Influence of nanostructure morphology on the heat transfer and flow characteristics in nanochannel

Abstract

Based on the molecular dynamics principle, the convective heat transfer of the fluid through nanochannel with various rough nanostructure morphologies is investigated. The influences of nanostructure free shear ratio, morphology period and nanostructure depth on the flow and heat transfer characteristics are probed. A comprehensive evaluation on the convective heat transfer in rough nanochannel considering the flow resistance is performed. The result shows that the temperature jump and velocity slip dominate the heat and momentum exchange between the channel wall and fluid. Under the weak wall-fluid interaction, the smaller the nanostructure free shear ratio, the better the heat transfer performance as well as drag reduction characteristic. In contrast, the smaller the nanostructure morphology period, the better the heat transfer performance, the greater the flow resistance.
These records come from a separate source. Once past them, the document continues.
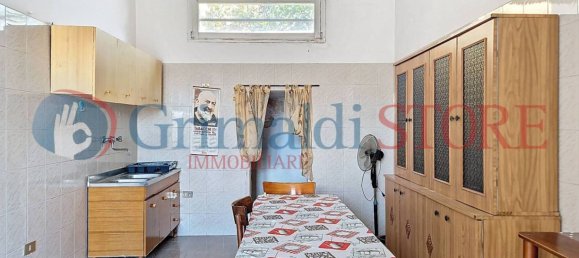 Дом с 2 спальнями в Мандурия, Италия № 54507 18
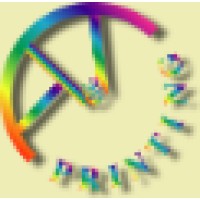 A&T Printing Logo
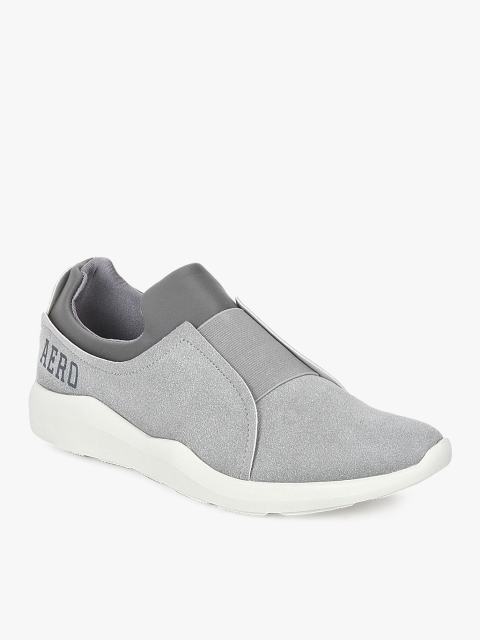 

Siddle Grey Sneakers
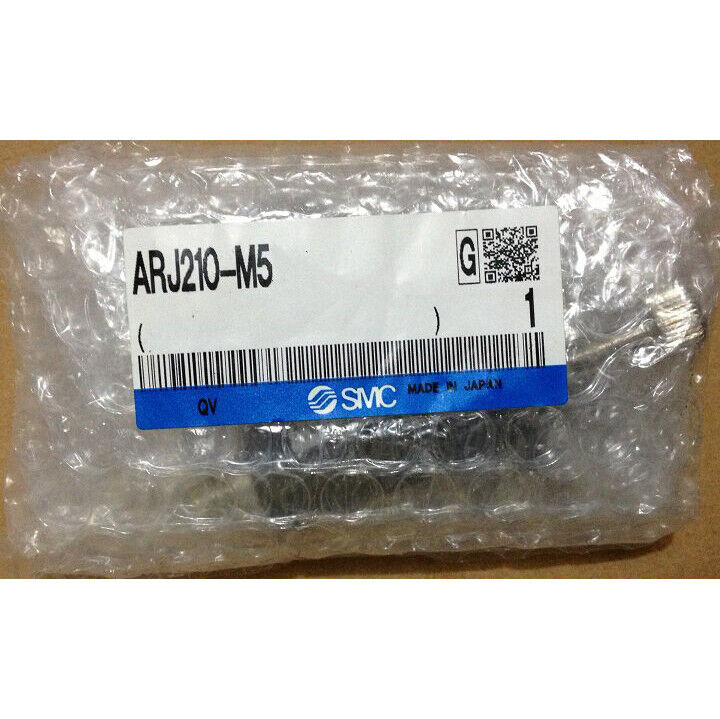1PC SMC Regulating Valve ARJ210-M5 SHIPP - ARJ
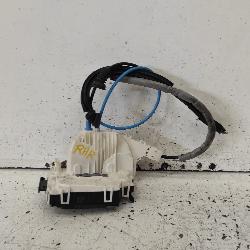 View Auto part Door/Boot/Gate Lock Mercedes C Class 2010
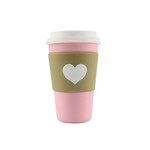 FashionIt Powerbank Cup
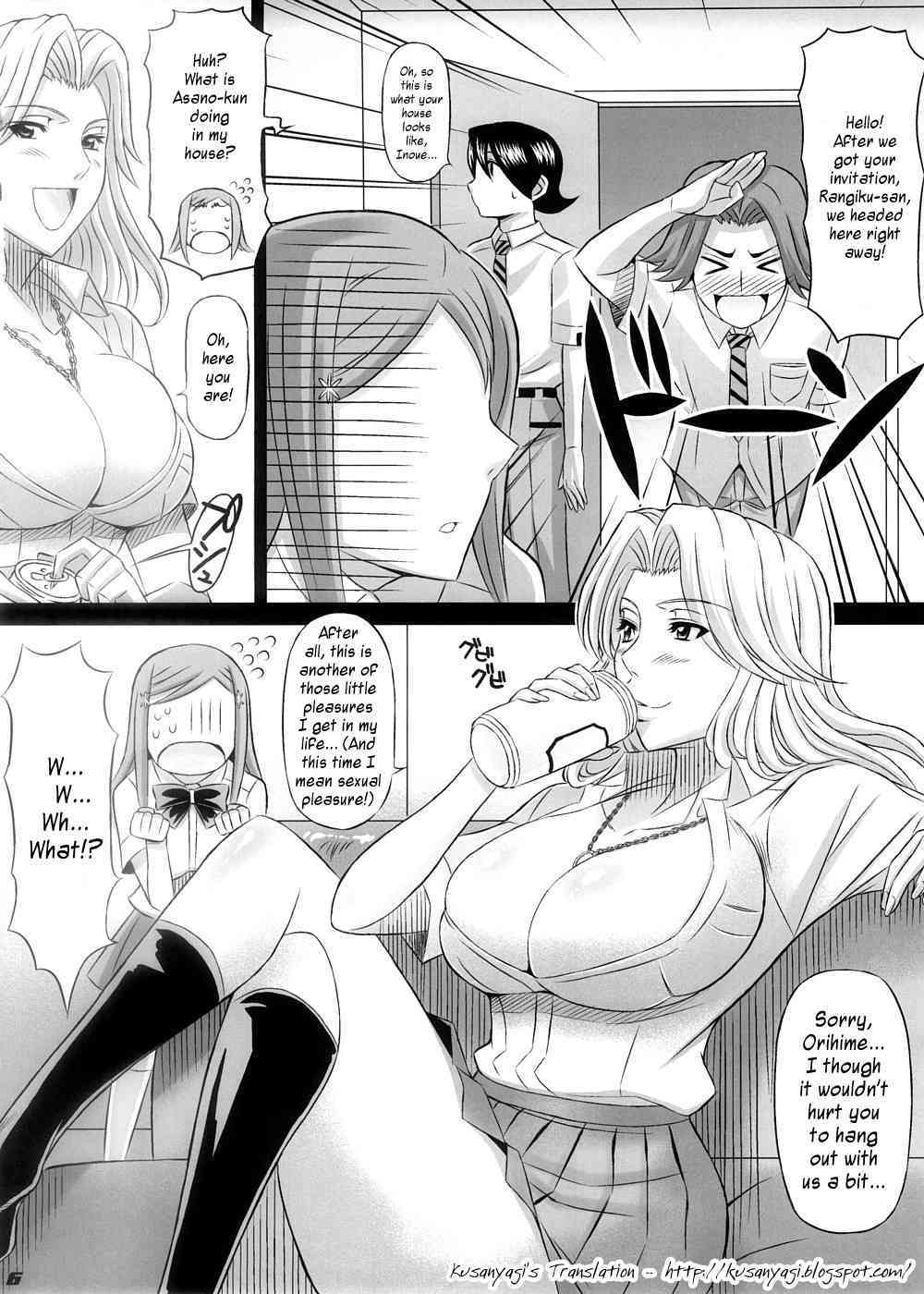 BRICOLA 2 page 5 full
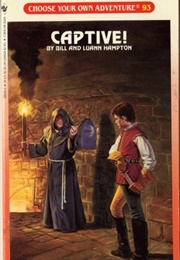 Captive! (Bill Hampton)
Therefore, the wall rough morphology with small free shear ratio and sparse nanostructures is conducive to heat transfer augmentation and drag reduction jointly. The deeper rough nanostructure groove is unfavorable to reduce the flow resistance. The combination of rough nanostructure morphology and weak wall-fluid interaction is crucial, which will bring about a favorable impact on the heat transfer and flow resistance in nanochannel. Specifically, the nanostructure free shear ratio with ϕa=0.1875 is a favorable rough morphology to obtain optimum heat transfer and drag reduction characteristics in nanochannel.